With the first paddle stroke, the city life of noise, screens and stress immediately dissipates, giving way to the call of the loon, the soothing lap of water on canoe hull and a kind of serenity that I’ve found nowhere else on earth. That is, until Parker, our Labradoodle, decides quite some distance from the next portage that now’s a perfectly good time to find that ball, tucked somewhere within the bags of gear, food, drink and books, wedged between stern and bow of our 16-foot Prospector canoe. No, we did not tip, but imagine an excited 50-pound fur face inspecting every nook and cranny of said Prospector.
But there was that one time when Parker — who joined me and my partner Michelle as a constant and rather unhelpful canoe-mate nine years ago — just fell overboard. We were on Smoke Lake, a large and often windswept access lake to interior lakes in Ontario’s Algonquin Park, when Parker, wearing a life-jacket with a handle and an awkward rigid back, lost her balance, and sploosh!

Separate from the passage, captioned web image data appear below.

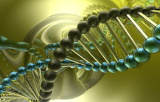 ADN Génomique (extraits de tissus et de cellules)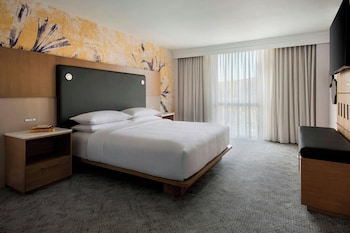 Club Room, 1 King Bed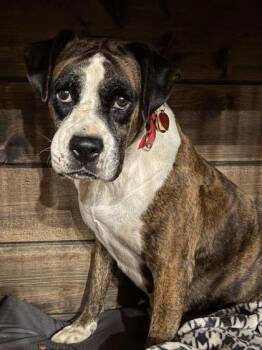 Rescue Boxer Dogs for Adoption in Malvern, Pennsylvania - Kanga | PetCurious
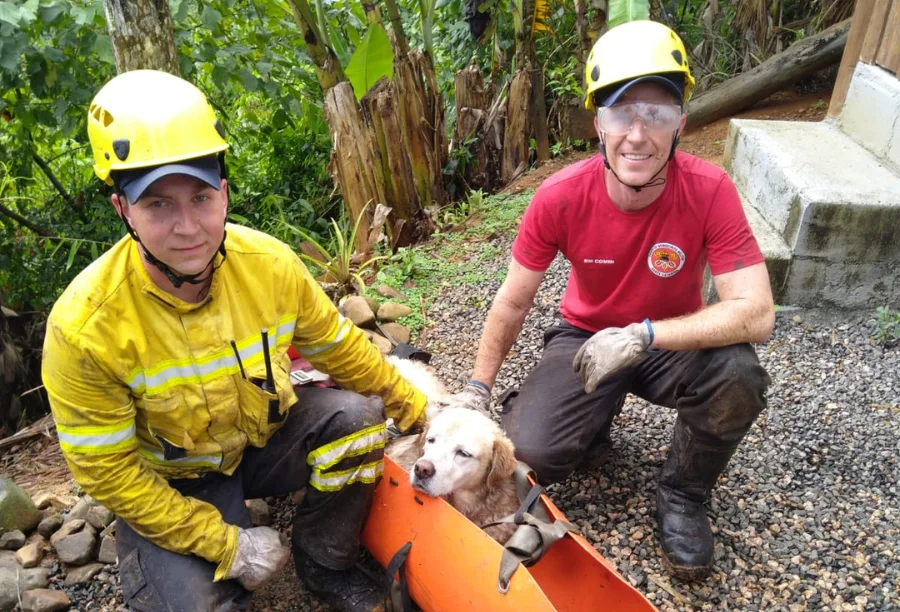 Labrador de 17 anos é resgatado de ribanceira em Siderópolis Cachorro labrador Bob de 17 anos sendo resgatado em maca envelope (sked) pelo Corpo de Bombeiros em Siderópolis.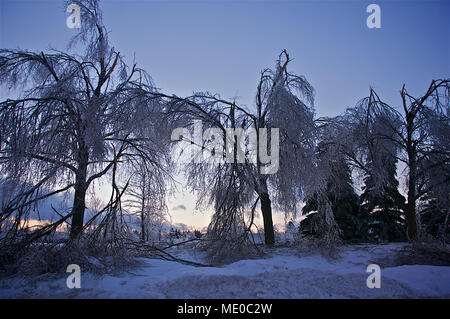 Le paysage des arbres endommagés après une tempête de verglas Banque D'Images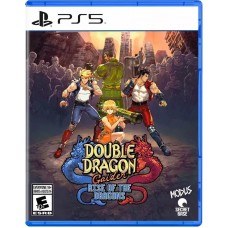 Double Dragon Gaiden: Rise of the Dragons (английская версия) (PS5)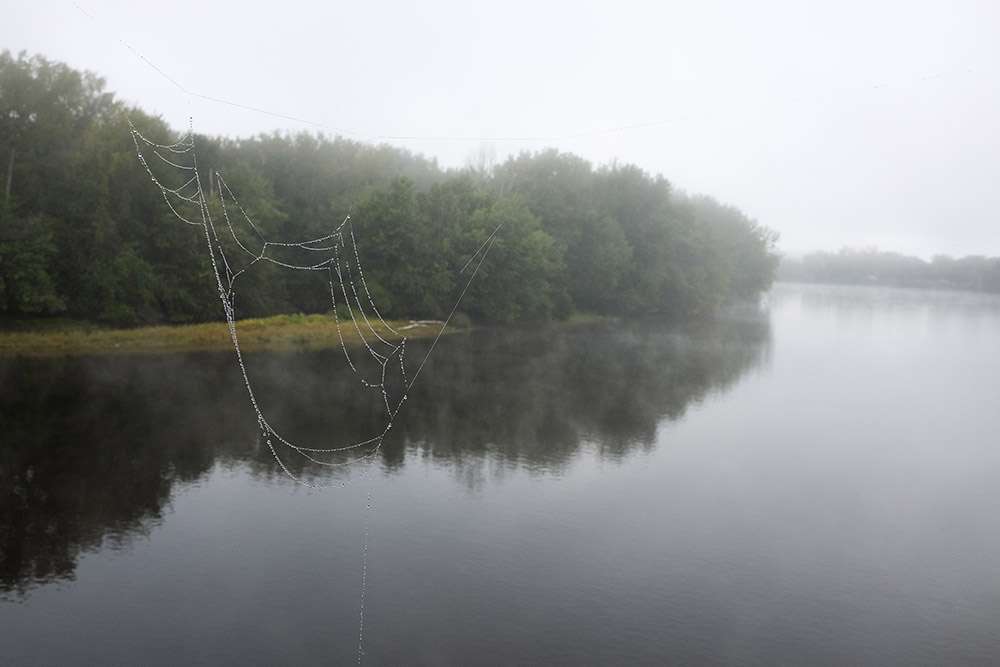 Mary Lang, Spider web, Rail Trail, Northampton, MA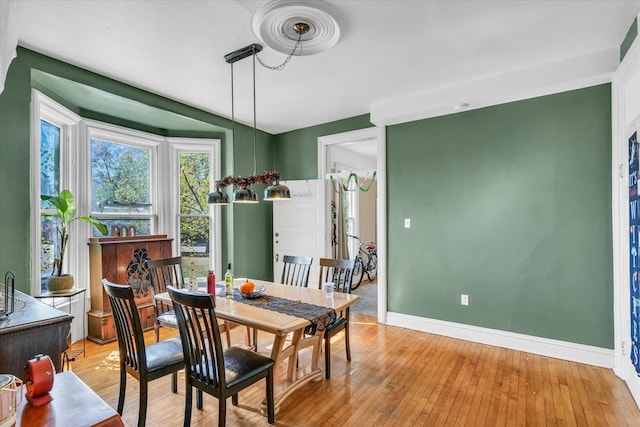 dining space with light hardwood / wood-style flooring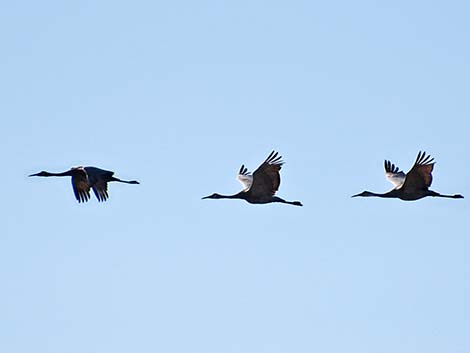 Sandhill Crane (Grus canadensis)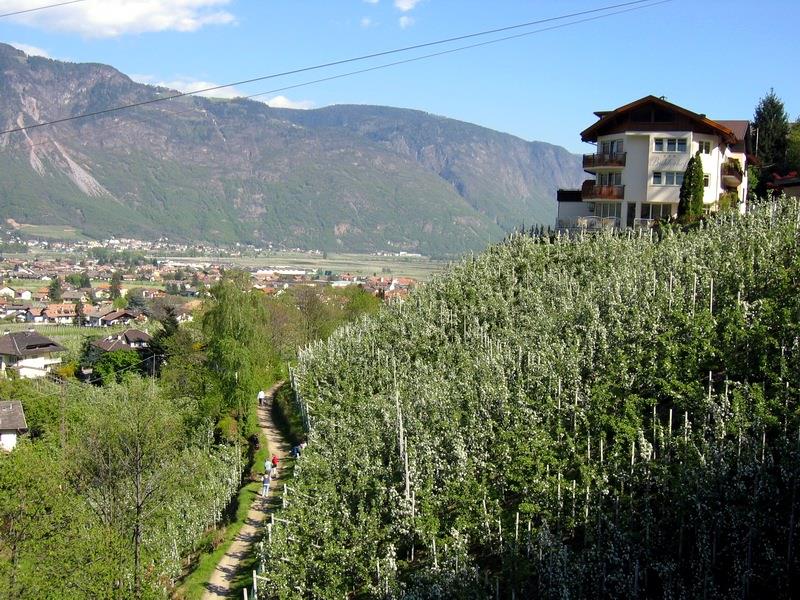 Panorama Garni-Hotel Bühlerhof Lana 2 suedtirol.info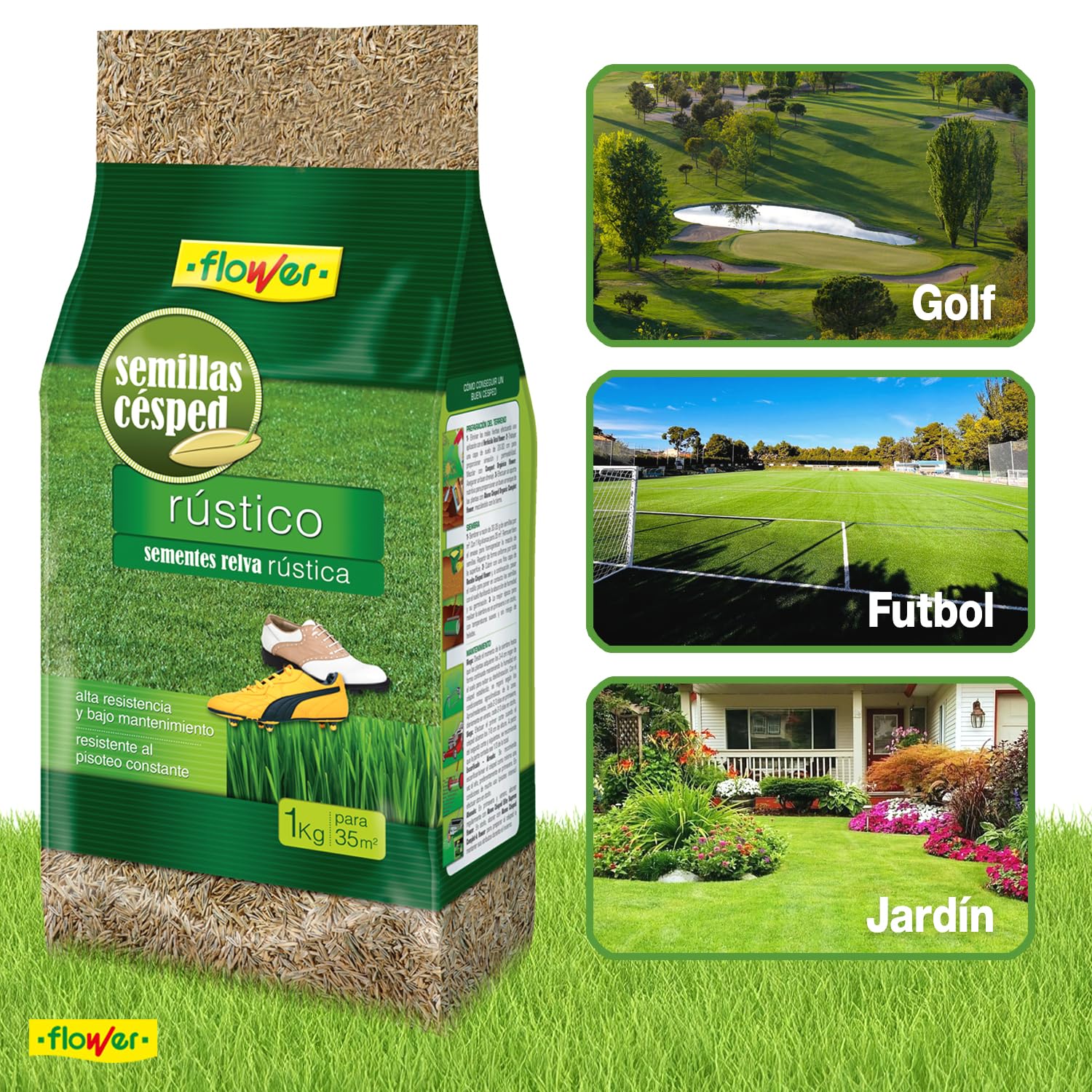 Flower - Heavy Duty Rustic Grass Seeds 1kg | Fast Growing | Ideal for Passage Areas | Low Maintenance | Covers 35m2 | Drought Resistant - 5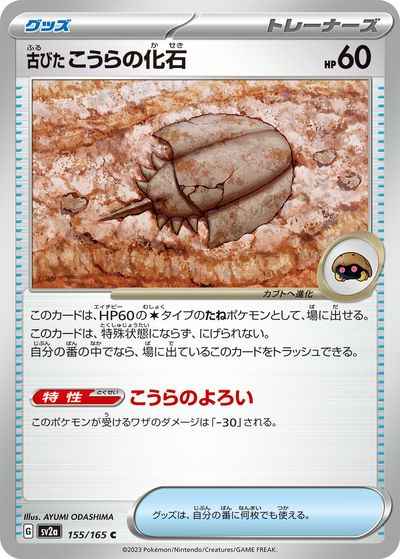 古びたこうらの化石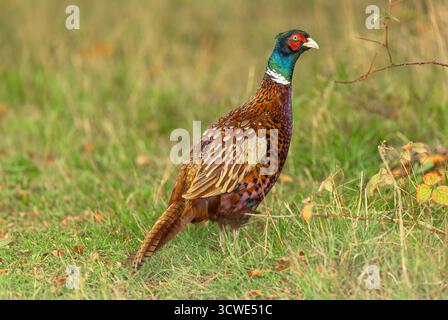 Pheasant, Scientific name:Phasianus colchicus.  Close up of a beautiful, ring-necked Pheasant cockbird in Autumn with iridescent plumage and white nec Stock Photo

In theory, a life-jacket with a handle and this very scenario is precisely why we bought the thing. But in practice, hauling a big soggy dog into a canoe loaded for a four-night trip a long way from shore seemed like a bad idea.
Instead, we aimed for a nearby island, and Parker, an excellent swimmer, got a workout. So began the latest of more than 25 years of getaways in the park — not one of them bad, even when it rained constant and hard. The anticipation begins each spring with map.